### DATA FOR THE TASK:
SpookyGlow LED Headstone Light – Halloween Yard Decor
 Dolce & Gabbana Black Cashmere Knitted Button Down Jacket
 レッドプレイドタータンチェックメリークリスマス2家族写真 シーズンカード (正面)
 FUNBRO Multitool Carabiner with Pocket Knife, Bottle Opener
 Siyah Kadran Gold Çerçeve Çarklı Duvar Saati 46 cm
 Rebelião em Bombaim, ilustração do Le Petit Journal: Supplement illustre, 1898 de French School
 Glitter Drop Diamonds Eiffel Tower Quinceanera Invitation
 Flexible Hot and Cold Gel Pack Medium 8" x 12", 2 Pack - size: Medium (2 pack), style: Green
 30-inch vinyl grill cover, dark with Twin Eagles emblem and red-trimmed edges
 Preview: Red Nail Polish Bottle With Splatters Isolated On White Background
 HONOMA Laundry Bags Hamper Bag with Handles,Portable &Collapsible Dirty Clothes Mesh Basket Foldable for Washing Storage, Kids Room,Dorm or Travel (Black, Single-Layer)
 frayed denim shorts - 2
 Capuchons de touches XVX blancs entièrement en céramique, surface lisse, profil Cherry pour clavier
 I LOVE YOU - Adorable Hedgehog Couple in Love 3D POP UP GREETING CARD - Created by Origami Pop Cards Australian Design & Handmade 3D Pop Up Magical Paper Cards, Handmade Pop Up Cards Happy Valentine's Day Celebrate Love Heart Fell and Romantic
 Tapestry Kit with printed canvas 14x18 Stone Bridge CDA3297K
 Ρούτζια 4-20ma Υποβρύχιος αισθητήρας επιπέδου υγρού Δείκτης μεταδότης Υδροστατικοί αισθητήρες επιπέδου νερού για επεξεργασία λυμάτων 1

### PROBLEM TO WORK ON:
In full and word for word, reproduce the data above.

### TASK ANSWER:
SpookyGlow LED Headstone Light – Halloween Yard Decor
 Dolce & Gabbana Black Cashmere Knitted Button Down Jacket
 レッドプレイドタータンチェックメリークリスマス2家族写真 シーズンカード (正面)
 FUNBRO Multitool Carabiner with Pocket Knife, Bottle Opener
 Siyah Kadran Gold Çerçeve Çarklı Duvar Saati 46 cm
 Rebelião em Bombaim, ilustração do Le Petit Journal: Supplement illustre, 1898 de French School
 Glitter Drop Diamonds Eiffel Tower Quinceanera Invitation
 Flexible Hot and Cold Gel Pack Medium 8" x 12", 2 Pack - size: Medium (2 pack), style: Green
 30-inch vinyl grill cover, dark with Twin Eagles emblem and red-trimmed edges
 Preview: Red Nail Polish Bottle With Splatters Isolated On White Background
 HONOMA Laundry Bags Hamper Bag with Handles,Portable &Collapsible Dirty Clothes Mesh Basket Foldable for Washing Storage, Kids Room,Dorm or Travel (Black, Single-Layer)
 frayed denim shorts - 2
 Capuchons de touches XVX blancs entièrement en céramique, surface lisse, profil Cherry pour clavier
 I LOVE YOU - Adorable Hedgehog Couple in Love 3D POP UP GREETING CARD - Created by Origami Pop Cards Australian Design & Handmade 3D Pop Up Magical Paper Cards, Handmade Pop Up Cards Happy Valentine's Day Celebrate Love Heart Fell and Romantic
 Tapestry Kit with printed canvas 14x18 Stone Bridge CDA3297K
 Ρούτζια 4-20ma Υποβρύχιος αισθητήρας επιπέδου υγρού Δείκτης μεταδότης Υδροστατικοί αισθητήρες επιπέδου νερού για επεξεργασία λυμάτων 1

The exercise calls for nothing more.